### Requirement:
Once the line with "Bright dining area" is found in the data, output it and each following line exactly, up to and including the line with "A woman in a", and nothing before or after.

### Data for processing:
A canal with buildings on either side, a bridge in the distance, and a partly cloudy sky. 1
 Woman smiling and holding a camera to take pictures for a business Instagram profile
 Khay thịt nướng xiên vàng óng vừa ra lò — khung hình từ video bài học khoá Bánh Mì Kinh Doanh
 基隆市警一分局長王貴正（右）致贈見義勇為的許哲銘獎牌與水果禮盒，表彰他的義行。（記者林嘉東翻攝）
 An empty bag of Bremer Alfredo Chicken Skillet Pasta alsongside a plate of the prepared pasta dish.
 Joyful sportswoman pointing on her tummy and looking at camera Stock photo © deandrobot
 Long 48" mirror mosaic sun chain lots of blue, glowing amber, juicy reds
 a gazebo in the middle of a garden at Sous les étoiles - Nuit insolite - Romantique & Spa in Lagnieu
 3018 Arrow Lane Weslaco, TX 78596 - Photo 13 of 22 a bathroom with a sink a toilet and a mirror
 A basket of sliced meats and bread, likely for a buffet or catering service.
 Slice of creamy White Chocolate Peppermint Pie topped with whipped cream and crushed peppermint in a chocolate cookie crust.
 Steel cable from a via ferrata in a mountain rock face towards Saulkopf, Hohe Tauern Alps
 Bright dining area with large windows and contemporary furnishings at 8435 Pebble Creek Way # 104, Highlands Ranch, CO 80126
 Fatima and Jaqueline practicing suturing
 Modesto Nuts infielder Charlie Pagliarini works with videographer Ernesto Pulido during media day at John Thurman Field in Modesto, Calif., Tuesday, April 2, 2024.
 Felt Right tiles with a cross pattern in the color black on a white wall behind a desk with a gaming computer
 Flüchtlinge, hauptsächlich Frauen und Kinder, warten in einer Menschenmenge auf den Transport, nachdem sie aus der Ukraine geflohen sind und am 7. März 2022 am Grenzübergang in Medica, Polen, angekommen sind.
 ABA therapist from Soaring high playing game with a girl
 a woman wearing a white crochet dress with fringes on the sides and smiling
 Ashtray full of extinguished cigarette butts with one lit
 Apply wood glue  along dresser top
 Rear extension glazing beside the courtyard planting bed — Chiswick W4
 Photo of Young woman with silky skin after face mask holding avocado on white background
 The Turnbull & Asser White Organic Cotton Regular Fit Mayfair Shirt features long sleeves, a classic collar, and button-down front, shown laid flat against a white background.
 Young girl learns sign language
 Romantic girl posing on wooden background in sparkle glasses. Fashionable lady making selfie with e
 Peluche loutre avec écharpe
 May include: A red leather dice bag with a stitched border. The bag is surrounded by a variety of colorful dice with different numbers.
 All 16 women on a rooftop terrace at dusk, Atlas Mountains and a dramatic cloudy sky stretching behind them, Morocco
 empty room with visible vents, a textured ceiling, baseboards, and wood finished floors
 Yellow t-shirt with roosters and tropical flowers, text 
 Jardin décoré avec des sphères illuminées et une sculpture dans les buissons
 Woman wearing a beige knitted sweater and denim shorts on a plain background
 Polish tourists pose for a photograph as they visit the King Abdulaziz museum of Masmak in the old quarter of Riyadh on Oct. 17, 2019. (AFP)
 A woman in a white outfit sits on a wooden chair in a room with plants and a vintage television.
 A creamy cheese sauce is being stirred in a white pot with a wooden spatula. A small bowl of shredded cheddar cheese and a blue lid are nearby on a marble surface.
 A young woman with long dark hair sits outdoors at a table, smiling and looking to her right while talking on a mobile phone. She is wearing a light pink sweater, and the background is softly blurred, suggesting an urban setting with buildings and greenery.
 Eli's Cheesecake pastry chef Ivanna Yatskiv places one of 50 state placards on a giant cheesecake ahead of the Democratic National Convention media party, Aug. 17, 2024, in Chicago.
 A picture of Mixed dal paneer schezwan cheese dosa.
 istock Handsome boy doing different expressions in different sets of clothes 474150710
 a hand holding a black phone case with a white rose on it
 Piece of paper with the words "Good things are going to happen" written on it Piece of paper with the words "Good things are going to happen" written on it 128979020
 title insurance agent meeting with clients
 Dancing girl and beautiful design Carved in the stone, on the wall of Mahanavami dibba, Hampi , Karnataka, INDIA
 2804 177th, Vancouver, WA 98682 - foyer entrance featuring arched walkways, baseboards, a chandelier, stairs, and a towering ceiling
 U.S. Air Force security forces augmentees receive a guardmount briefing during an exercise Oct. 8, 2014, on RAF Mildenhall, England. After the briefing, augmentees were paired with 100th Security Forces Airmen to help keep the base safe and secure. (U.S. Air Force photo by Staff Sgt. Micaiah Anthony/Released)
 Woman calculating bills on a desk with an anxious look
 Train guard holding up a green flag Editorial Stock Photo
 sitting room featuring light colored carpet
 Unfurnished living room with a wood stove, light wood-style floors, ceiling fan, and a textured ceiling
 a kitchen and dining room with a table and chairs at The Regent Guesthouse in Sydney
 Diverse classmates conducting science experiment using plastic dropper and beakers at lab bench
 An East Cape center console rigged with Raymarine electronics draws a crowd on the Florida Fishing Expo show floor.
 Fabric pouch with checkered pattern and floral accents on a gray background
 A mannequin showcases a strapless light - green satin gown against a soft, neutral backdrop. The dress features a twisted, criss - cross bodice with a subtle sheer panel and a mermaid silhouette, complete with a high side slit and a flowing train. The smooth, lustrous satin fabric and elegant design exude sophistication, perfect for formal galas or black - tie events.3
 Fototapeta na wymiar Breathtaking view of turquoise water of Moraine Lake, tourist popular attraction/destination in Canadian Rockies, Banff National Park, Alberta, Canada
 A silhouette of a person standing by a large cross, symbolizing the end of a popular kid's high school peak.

### Exercise result:
 Bright dining area with large windows and contemporary furnishings at 8435 Pebble Creek Way # 104, Highlands Ranch, CO 80126
 Fatima and Jaqueline practicing suturing
 Modesto Nuts infielder Charlie Pagliarini works with videographer Ernesto Pulido during media day at John Thurman Field in Modesto, Calif., Tuesday, April 2, 2024.
 Felt Right tiles with a cross pattern in the color black on a white wall behind a desk with a gaming computer
 Flüchtlinge, hauptsächlich Frauen und Kinder, warten in einer Menschenmenge auf den Transport, nachdem sie aus der Ukraine geflohen sind und am 7. März 2022 am Grenzübergang in Medica, Polen, angekommen sind.
 ABA therapist from Soaring high playing game with a girl
 a woman wearing a white crochet dress with fringes on the sides and smiling
 Ashtray full of extinguished cigarette butts with one lit
 Apply wood glue  along dresser top
 Rear extension glazing beside the courtyard planting bed — Chiswick W4
 Photo of Young woman with silky skin after face mask holding avocado on white background
 The Turnbull & Asser White Organic Cotton Regular Fit Mayfair Shirt features long sleeves, a classic collar, and button-down front, shown laid flat against a white background.
 Young girl learns sign language
 Romantic girl posing on wooden background in sparkle glasses. Fashionable lady making selfie with e
 Peluche loutre avec écharpe
 May include: A red leather dice bag with a stitched border. The bag is surrounded by a variety of colorful dice with different numbers.
 All 16 women on a rooftop terrace at dusk, Atlas Mountains and a dramatic cloudy sky stretching behind them, Morocco
 empty room with visible vents, a textured ceiling, baseboards, and wood finished floors
 Yellow t-shirt with roosters and tropical flowers, text 
 Jardin décoré avec des sphères illuminées et une sculpture dans les buissons
 Woman wearing a beige knitted sweater and denim shorts on a plain background
 Polish tourists pose for a photograph as they visit the King Abdulaziz museum of Masmak in the old quarter of Riyadh on Oct. 17, 2019. (AFP)
 A woman in a white outfit sits on a wooden chair in a room with plants and a vintage television.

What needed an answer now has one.